Type de document

Rapports de recherche scientifique

Année de publication

2014

Langue

Français

Résumé

En remplacement des dégraissants et nettoyants traditionnels, qu’ils soient à base de solvants ou de tensioactifs, on retrouve actuellement sur le marché des préparations à base de bactéries et d’enzymes pour le nettoyage de surfaces en milieux industriel et institutionnel. Des préparations enzymatiques sont également utilisées en milieu de soins pour le nettoyage d’instruments chirurgicaux et diagnostiques. Mises à part les fiches de données de sécurité et les fiches techniques fournies par les fabricants, les hygiénistes et les médecins du travail et de l’environnement, ainsi que les autres spécialistes du domaine de la santé et de la sécurité du travail ne possèdent que des données fragmentaires sur la composition de ces préparations. De plus, ces préparations sont souvent publicisées comme des produits idéaux, verts et atoxiques. La présente monographie vise à présenter de façon synthétique et critique les connaissances sur les aspects de la santé, de la sécurité, de l’environnement et techniques de ces produits biotechnologiques, de manière à guider les intervenants qui sont appelés à les évaluer, à les recommander ou à les utiliser. La méthode retenue consiste principalement en une revue de la littérature scientifique et technique. Cette recherche repose aussi sur la consultation d’intervenants représentant divers secteurs d’activité et sur l’observation de quelques milieux dans lesquels les travailleurs sont exposés à ce genre de préparations.
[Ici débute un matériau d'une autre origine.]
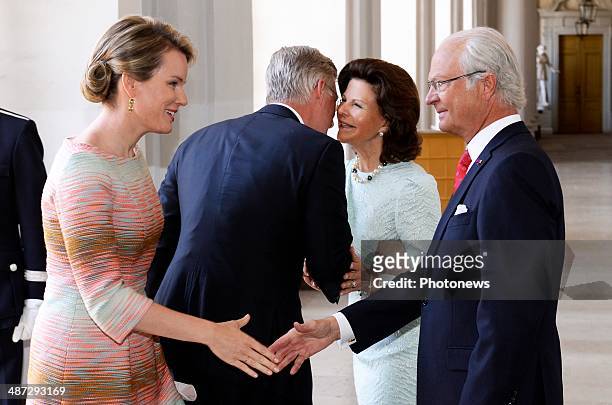 Official visit of Belgian Sovereigns to Sweden on April 29, 2014 in Stockholm, Sweden. Queen Mathilde and King Philippe pictured with King Carl...
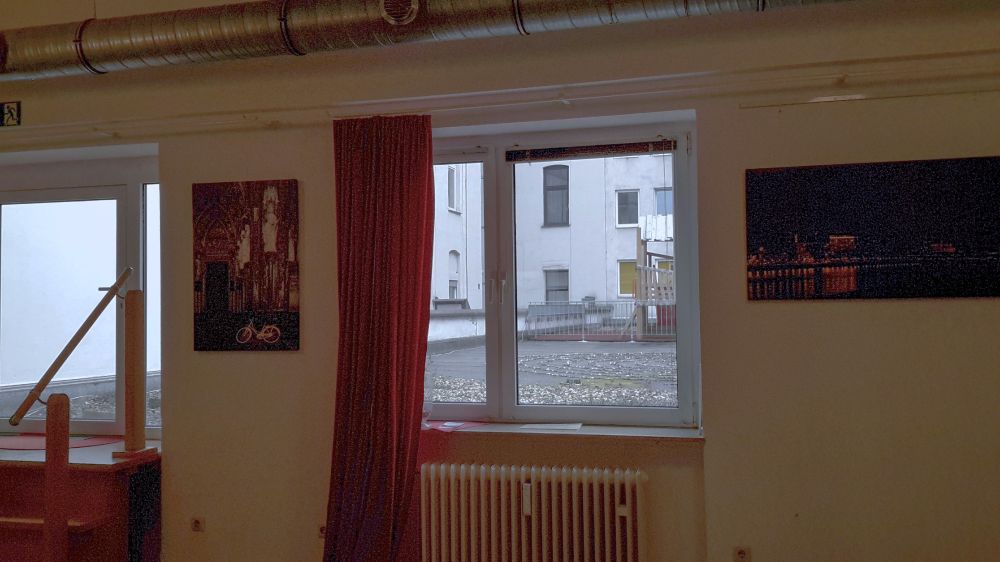 Blick aus dem 'Salon' auf den Hinterhof mit hellen Wänden und Fenstern, gekiestem Garagendach und umlaufendem Rohr  über den Fenstern. Neben den Fenstern 2 Bilder: das gelbe Fahrrad vor dem Dom und ein Bild von den Kranhäusern in der Dunkelheit, während sich Lichter im Rhein spiegeln.
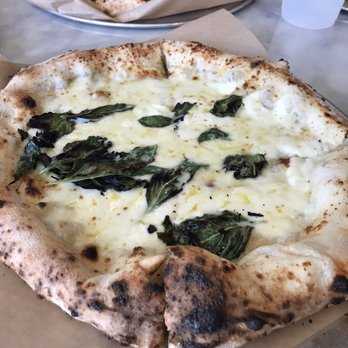 Pieous - (I moved most of the basil leaves to one slice) - Pizza Near Me - Austin, Texas Pieous - (I moved most of the basil leaves to one slice) - Pizza Near Me - Austin, Texas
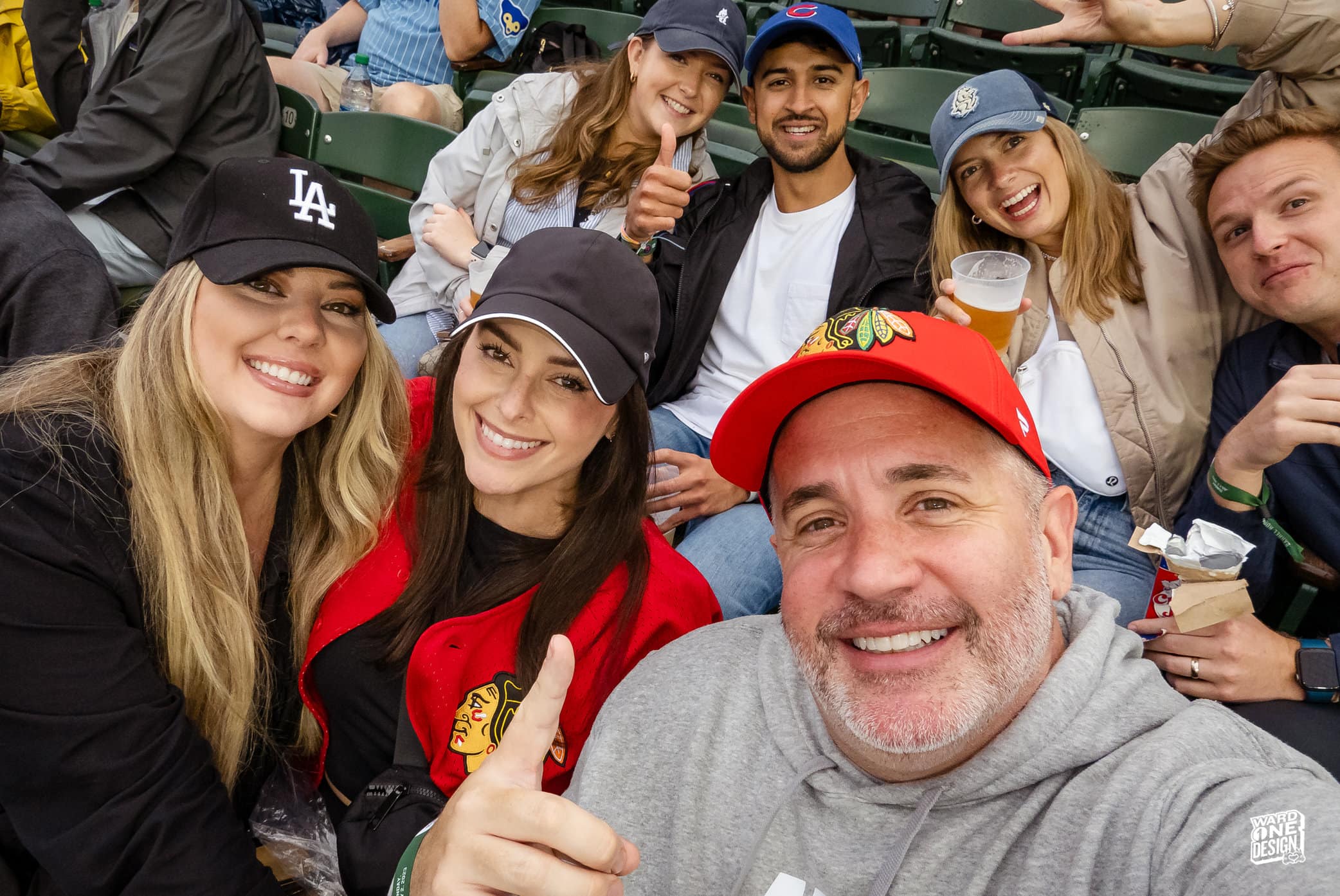 Group of excited baseball fans at a stadium, smiling and taking selfies, celebrating a special event during a game.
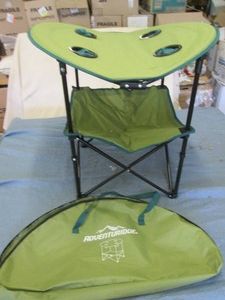 Folding camp table with drink holde...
Les biofontaines utilisent des préparations aqueuses formulées avec des bactéries de risque infectieux faible ou nul (dites de groupe 1). Elles remplacent de plus en plus souvent les fontaines traditionnelles à base de solvants, particulièrement dans le domaine de l’entretien mécanique. L’élimination des solvants y est avantageuse d’un point de vue sécuritaire et sanitaire. À l’exception d’un cas de sensibilisation respiratoire rapporté dans la littérature, aucun effet sur la santé n’a été démontré à la suite de leur utilisation. Par ailleurs, la protection de l’environnement y est renforcée puisque les bactéries transforment en grande partie les salissures organiques (huiles, graisses) en eau et en dioxyde de carbone. Cependant, certaines études montrent la présence, dans des biofontaines en cours d’utilisation, de bactéries présentant un risque infectieux modéré pour les individus (dites de groupe 2). Il est recommandé aux utilisateurs de se protéger la peau (gants, vêtements à manches longues) et les yeux (lunettes de sécurité) ainsi que de se conformer à diverses mesures d’hygiène individuelle. La génération d’aérosols est possible lorsqu’il y a utilisation de soufflettes pour le séchage des pièces nettoyées. En l’absence de données sur ce type d’exposition par inhalation, il est recommandé de rincer les pièces à l’eau avant ce séchage ou sinon de porter un appareil de protection respiratoire (APR) à pièce faciale filtrante (masque jetable) N-95. Ce travail a également permis de documenter l’utilisation de préparations bactériennes appliquées par pulvérisation. Dans ce type de situation, le port d’un APR à pièce faciale filtrante (masque jetable) N-95 serait recommandé, en l’absence de données métrologiques.

Les détergents à base d’enzymes sont largement utilisés dans les milieux de soins pour le nettoyage des instruments chirurgicaux et diagnostiques. La littérature rapporte quelques cas de sensibilisation respiratoire de travailleurs manipulant de tels nettoyants à base de subtilisine, l’enzyme la mieux documentée dans ce contexte et la seule faisant l’objet d’une valeur limite d’exposition au Québec. Il n’y a encore que très peu de données sur les niveaux d’exposition à la subtilisine ni aux autres enzymes dans ces milieux, bien que la présence d’aérosols soit possible, notamment lors de l’utilisation de soufflettes pour le séchage des instruments. En attendant que les niveaux soient mieux documentés, si l’on soupçonne la présence d’aérosols et que l’on ne dispose pas de hotte de laboratoire, notamment lors du lavage manuel des instruments, il semble approprié de recommander le port d’un APR à pièce faciale filtrante (masque jetable) et non d’un simple masque chirurgical. Par ailleurs, pour la protection contre de possibles éclaboussures, l’APR devrait résister aux projections liquides. Le port de gants, blouse à manches longues, protection oculaire, bonnet et couvre-chaussures est aussi recommandé.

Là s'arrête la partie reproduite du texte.